BEGIN Records provided

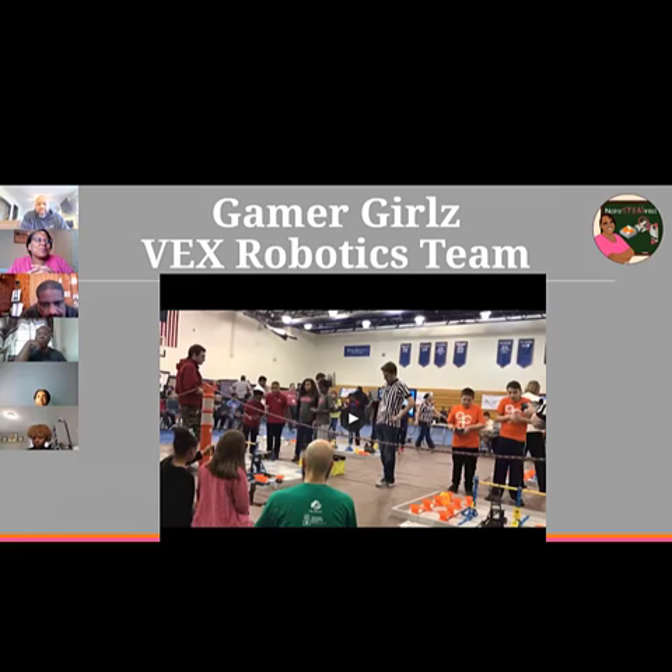VEX also has levels — elementary level, middle school level, and up. This year our girls will compete at the middle school level for the first time. Before this year we had younger kids on the team so we had to compete at the youngest child's age level, but now during the pandemic some of those kids left. Only the older girls remain — they're all eighth graders — so we're actually competing at the middle school level for the first time this year.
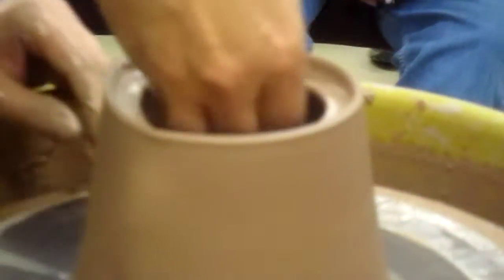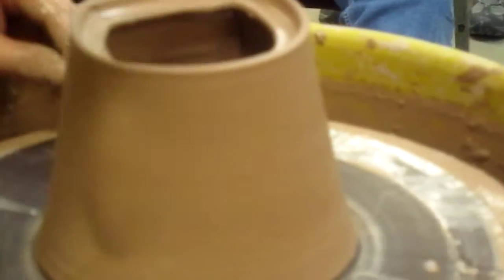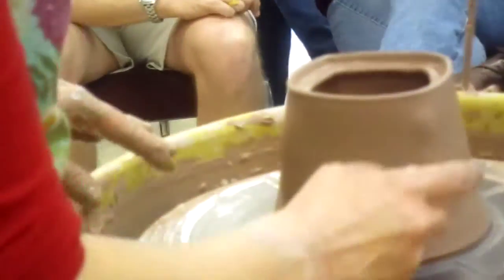I'll kind of move around into it so you guys can see what I'm doing. I'm going to the bottom, which is only about right there. It's thick — yeah, it's a very thick bottom.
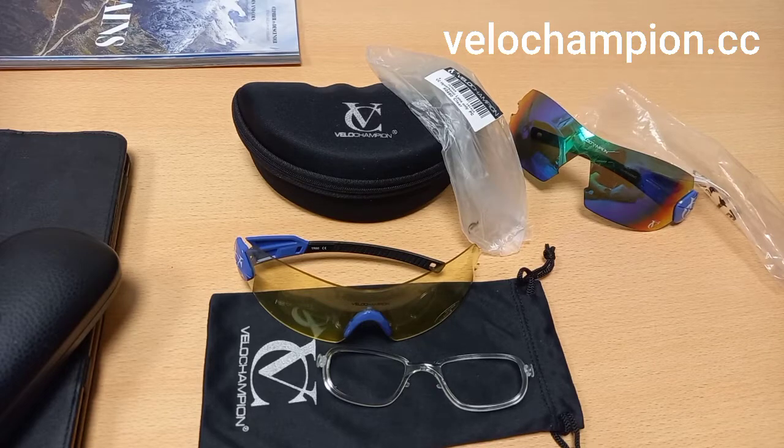This is Brian from Riding for Life — thank you very much for watching this quick guide on how to change your lenses. Please check out the links below to Velo Champion, and if you haven't already, hit the subscribe button and ring the bell so you can see updates as I put up new videos and product reviews. Keep safe, guys.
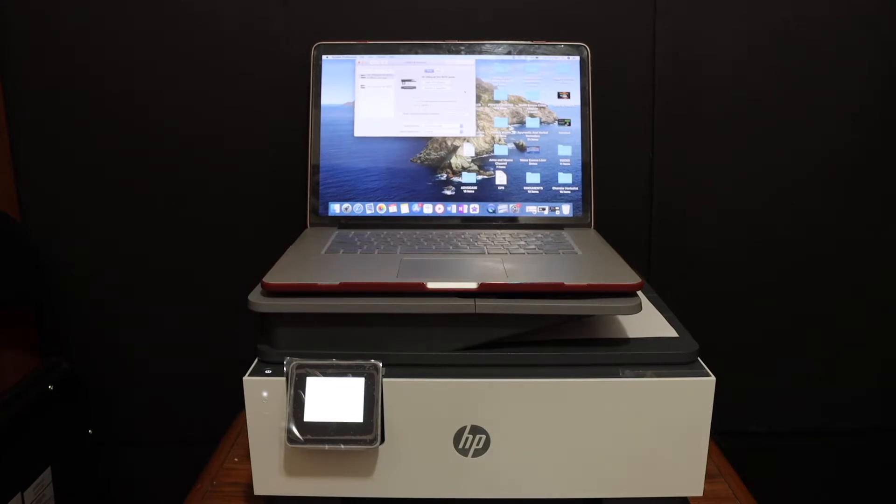Today's video is regarding HP OfficeJet Pro 9012 all-in-one printer. I'm going to show you how to do the setup of this printer with your MacBook.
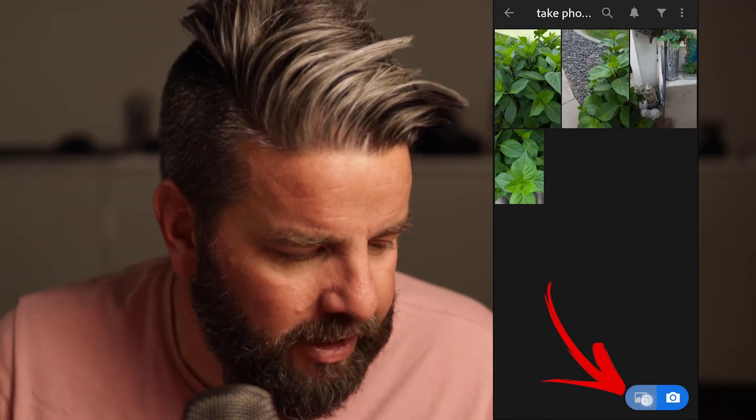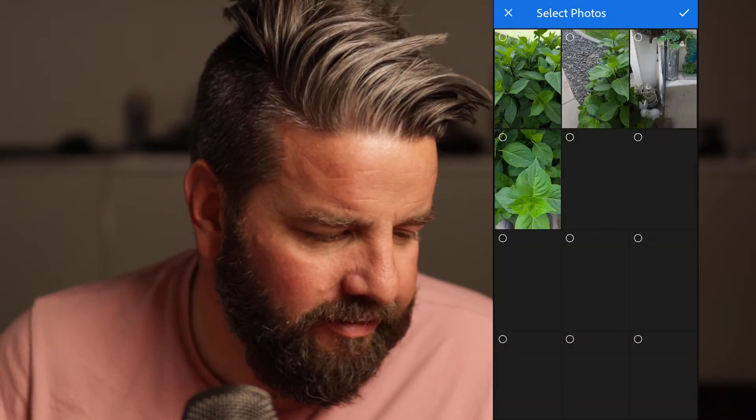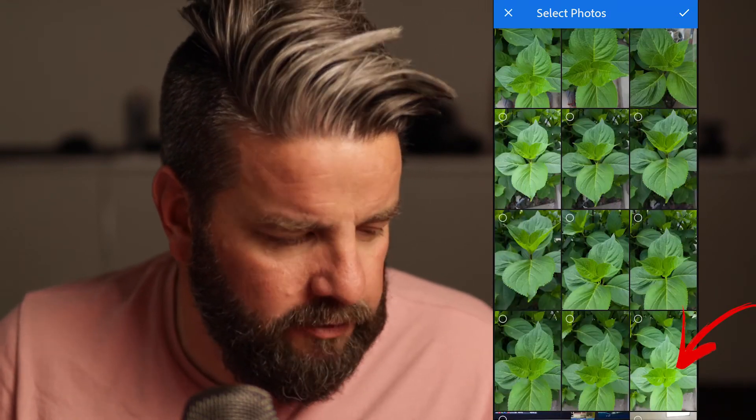That's one way to add photos to your album. I don't love this method, because if you forget to create an album ahead of time — which is going to happen, especially if you're forgetful like me — it's a problem. So I'd rather just go out and shoot, not worry about the album, and then when I'm done, add the photos to the album. Let's go back into the 'Take Photos One' album and click on the blue button in the bottom left-hand corner to add from all photos.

END Records provided

#### Problem statement:
Skip every picture and retype only the lines from the line with "I'll kind of" through the last line of the listing, both ends included, exactly as they appear.

#### Solution below:
I'll kind of move around into it so you guys can see what I'm doing. I'm going to the bottom, which is only about right there. It's thick — yeah, it's a very thick bottom.
This is Brian from Riding for Life — thank you very much for watching this quick guide on how to change your lenses. Please check out the links below to Velo Champion, and if you haven't already, hit the subscribe button and ring the bell so you can see updates as I put up new videos and product reviews. Keep safe, guys.
Today's video is regarding HP OfficeJet Pro 9012 all-in-one printer. I'm going to show you how to do the setup of this printer with your MacBook.
That's one way to add photos to your album. I don't love this method, because if you forget to create an album ahead of time — which is going to happen, especially if you're forgetful like me — it's a problem. So I'd rather just go out and shoot, not worry about the album, and then when I'm done, add the photos to the album. Let's go back into the 'Take Photos One' album and click on the blue button in the bottom left-hand corner to add from all photos.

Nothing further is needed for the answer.